# Best smelling Wax?



## amiller (Jan 1, 2009)

So from recent reading, all waxes are the same.... :lol:

BUT, which ones smells the best? :tumbleweed:

I used to love the smell of SV Best of Show, but having just re-opened a pot of Glasur, it has taken over as my favourite! :argie:


----------



## takemetothepub (Feb 5, 2010)

Rainforest Rub


----------



## amiller (Jan 1, 2009)

takemetothepub said:


> Rainforest Rub


I've never owned a DJ wax! (apart from two wooden pots of SN)
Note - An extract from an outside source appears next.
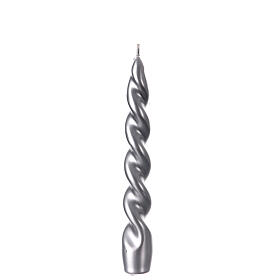 Silver lacquered twisted candle, 8 in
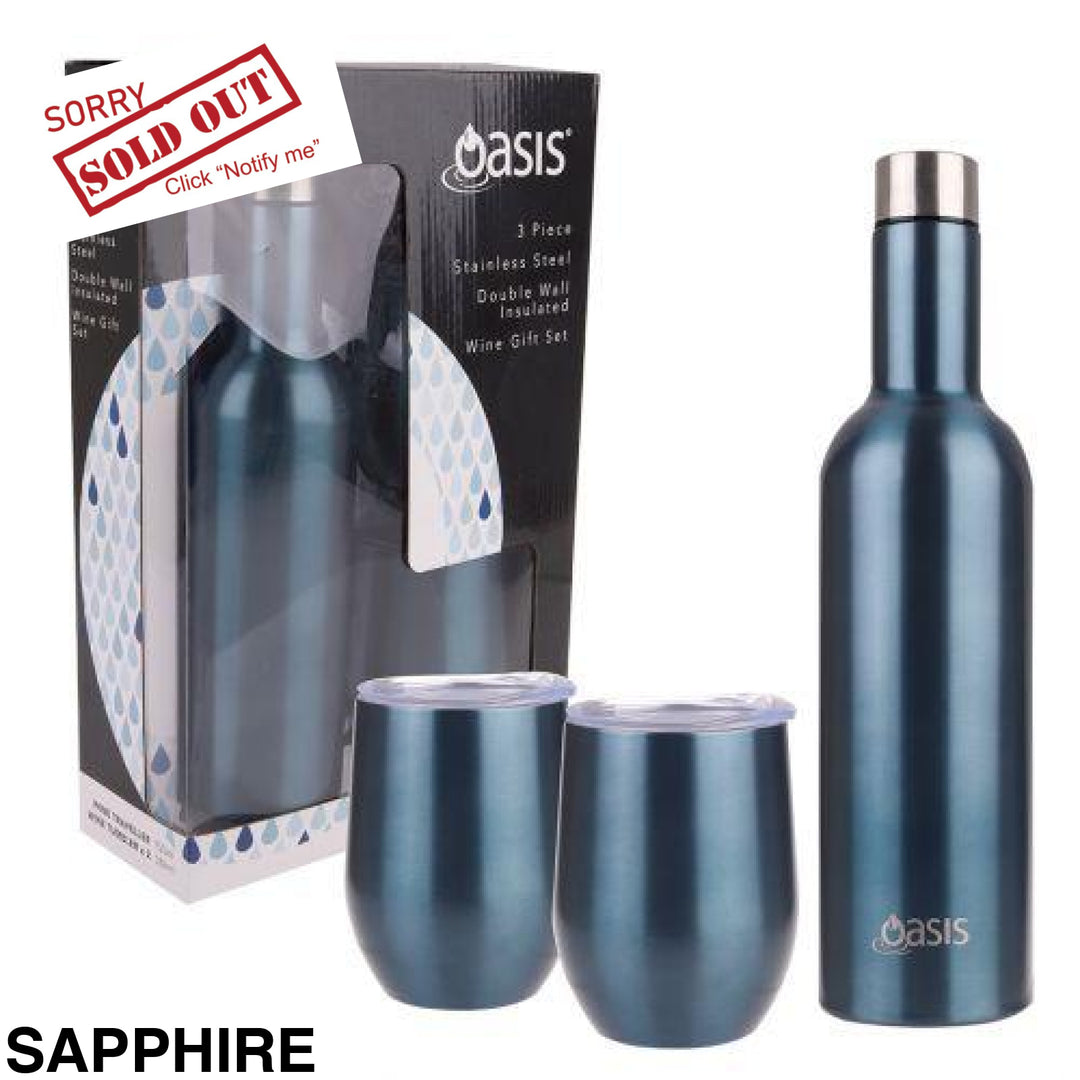 Oasis Stainless Steel Insulated Wine Traveller Gift Set Sapphire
oh, just remembered I have Migliore Frutta- the most ORANGEY smell ever! :doublesho


----------



## craig todd (May 17, 2009)

hard candy, i want to eat it everytime i use it.


----------



## ross-1888 (Feb 22, 2009)

ezyme is the best smelling one i have smelt so far


----------



## Maggi200 (Aug 21, 2009)

Good question, megs #16 reminds me of coluring in as a kid which is nice. But it's between onyx and glasur for me so far. Hard candy wasn't far behind. Oh but then migliore PRIMO. I'll say that


----------



## kenny wilson (Oct 28, 2008)

Blue Velvet smells devine


----------



## amiller (Jan 1, 2009)

maggi112 said:


> Good question, megs #16 reminds me of coluring in as a kid which is nice. But it's between onyx and glasur for me so far. Hard candy wasn't far behind. Oh but then migliore PRIMO. I'll say that


So Megs 16 smells of crayons?! Not 100% what Glasur smells of.... oh Vanilla.


----------



## amiller (Jan 1, 2009)

kenny wilson said:


> Blue Velvet smells devine


Blue Velvet smells like Swissvax Divine?! :doublesho

:lol:


----------



## Maggi200 (Aug 21, 2009)

amiller said:


> So Megs 16 smells of crayons?! Not 100% what Glasur smells of.... oh Vanilla.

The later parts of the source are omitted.